I just read on chazdogs (i think thats the name) that nutro contains an ingredient that can be harmfull,a nd that in addition it also has corn based products in it, so I 110% going with orijen, not saying that other people are wonrg not to feed it of course, just that it is what I feel I can feed my dog.
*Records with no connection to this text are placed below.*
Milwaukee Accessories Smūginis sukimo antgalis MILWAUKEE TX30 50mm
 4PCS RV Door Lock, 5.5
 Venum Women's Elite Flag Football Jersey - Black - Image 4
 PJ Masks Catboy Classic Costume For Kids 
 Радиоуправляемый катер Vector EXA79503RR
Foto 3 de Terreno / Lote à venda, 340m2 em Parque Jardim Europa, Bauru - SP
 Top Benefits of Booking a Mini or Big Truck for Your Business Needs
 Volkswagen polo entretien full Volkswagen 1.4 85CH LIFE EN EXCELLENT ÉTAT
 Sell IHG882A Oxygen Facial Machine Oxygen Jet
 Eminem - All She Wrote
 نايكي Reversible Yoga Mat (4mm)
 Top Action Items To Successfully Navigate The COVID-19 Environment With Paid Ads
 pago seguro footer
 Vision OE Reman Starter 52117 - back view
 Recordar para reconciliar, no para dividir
Thank you all so much for your opinions though, it has been really helpfull and eye opening!


----------



## Guest (Jan 2, 2008)

I found this link of particualr use/interest, hope it is ok to post link here

http://www.dogfoodproject.com/index.php?page=badingredients


----------



## Guest (Jan 2, 2008)

I went for orijen, just ordered.
It on special offer at mo on zooplus, the 400g bags anyway.
ordered 3 little bags to see if he likes it


----------



## DlTobin (May 15, 2007)

Hi!
This is what Mabelline eats and she loves it
http://www.evopet.com/products/default.asp?id=1491


----------



## princess_ella (Jun 4, 2005)

My two chis have been eating merrick and their stool has a good color.


----------



## Guest (Jan 19, 2008)

the orijen arrived thursday, chico LOVES it, he even picks out from between the pedigree meat. (I am slowing adding it bit by bit, just a few kibbles at a time so that the change over is slow)

going to switch the cat to it as well, cant believe how amazingly good it is, full of NOTHING but meat, fish vegetables etc, not one bit of rubbishy food in sight.
Would recommend this stuff to everyone. Honestly, to read the ingredients it seems chico is getting better foog that I get!

thanks to everyone who let me know about this food


----------